Villaseca y Zapata festejan el segundo gol de los de Sperdutti. Parecía fácil para el Botellero, que vencía 3-0, pero el Mensana se puso a tiro de empate, y Gamba, sobre el final, hizo el cuarto. Foto: José Gutiérrez / Los Andes
En los tres choques disputados entre ambos equipos en lo que va del actual campeonato el Cruzado ya cantó victoria en dos partidos y en el otro cotejo hubo empate.
Fue el equipo blanquinegro el que salió con decisión en busca del arco contrario, pero Maipú, con practicidad, sacó ventajas. Y en una de las primeras aproximaciones con peligro, el Súper Dépor logró abrir el marcador por intermedio de Villaseca, quien sacó un potente remate que alcanzó a tapar Godoy, pero el rebote le volvió a quedar al delantero maipucino... y allí Villagol no perdonó.
A partir de ese momento, el equipo cruzado controló el juego y con mayor oficio y sapiencia supo aprovechar las ventajas defensivas del rival.

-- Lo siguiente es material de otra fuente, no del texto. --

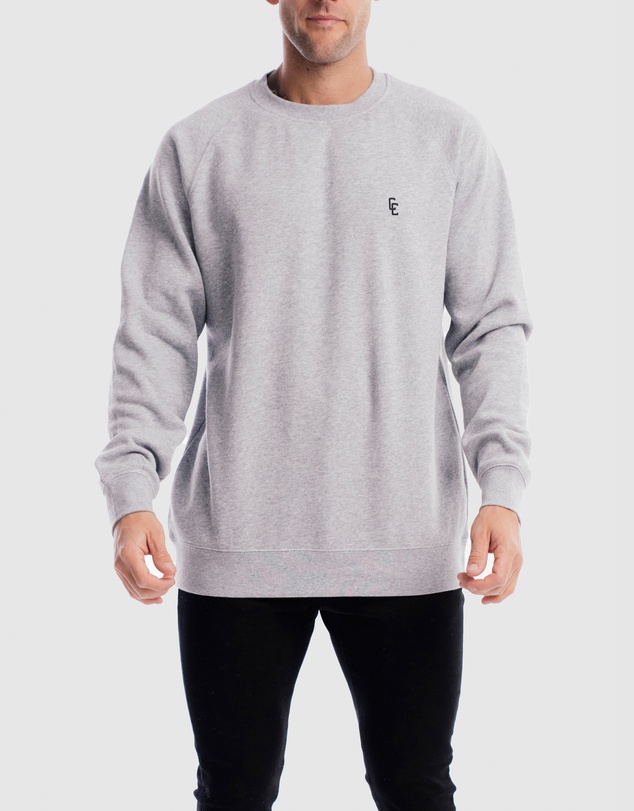 Counter Culture - Cypher Rise Crewneck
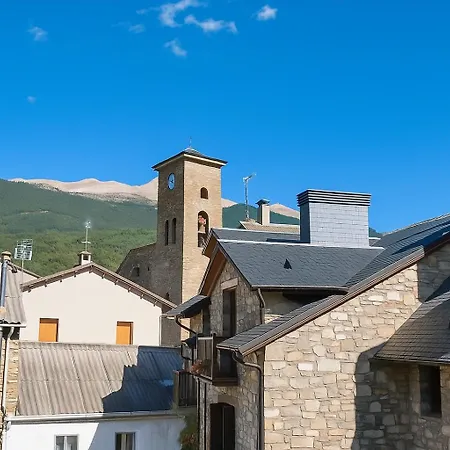 Cama Hab Compartida - Triton Villanúa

Apoyado en la solidez de Natalicchio, el fervor del Gringo Imbesi y la experiencia de Leonardo Torres como “director de orquesta”, Maipú creó varias situaciones de gol en el arco mensana. Así llegó el segundo tanto botellero, con el golazo de tiro libre del zurdo Zapata.
El Lobo contó con tres ocasiones clarísimas para poder descontar en el marcador, pero Anzorena primero, Prieto después y luego Benito desperdiciaron las tres inmejorables chances de gol.
Del otro lado, los delanteros maipucinos hacían estragos y construían la jugada del tercer gol de Lucas Gamba.
En el complemento, Gimnasia salió a “quemar las naves” y el Cogote Dillon, perdido por perdido, hizo ingresar a Ruiz, Ortiz y Álvarez para intentar cambiar la historia.
A pura voluntad, el Lobo descontó con los goles de Anzorena y Benítez en contra. Pero la heroica remontada –hubo una levantada– no llegó y Maipú, de contragolpe, liquidó el partido con el gol de Lucas Gamba, la figura del encuentro.
Fuente: Uno.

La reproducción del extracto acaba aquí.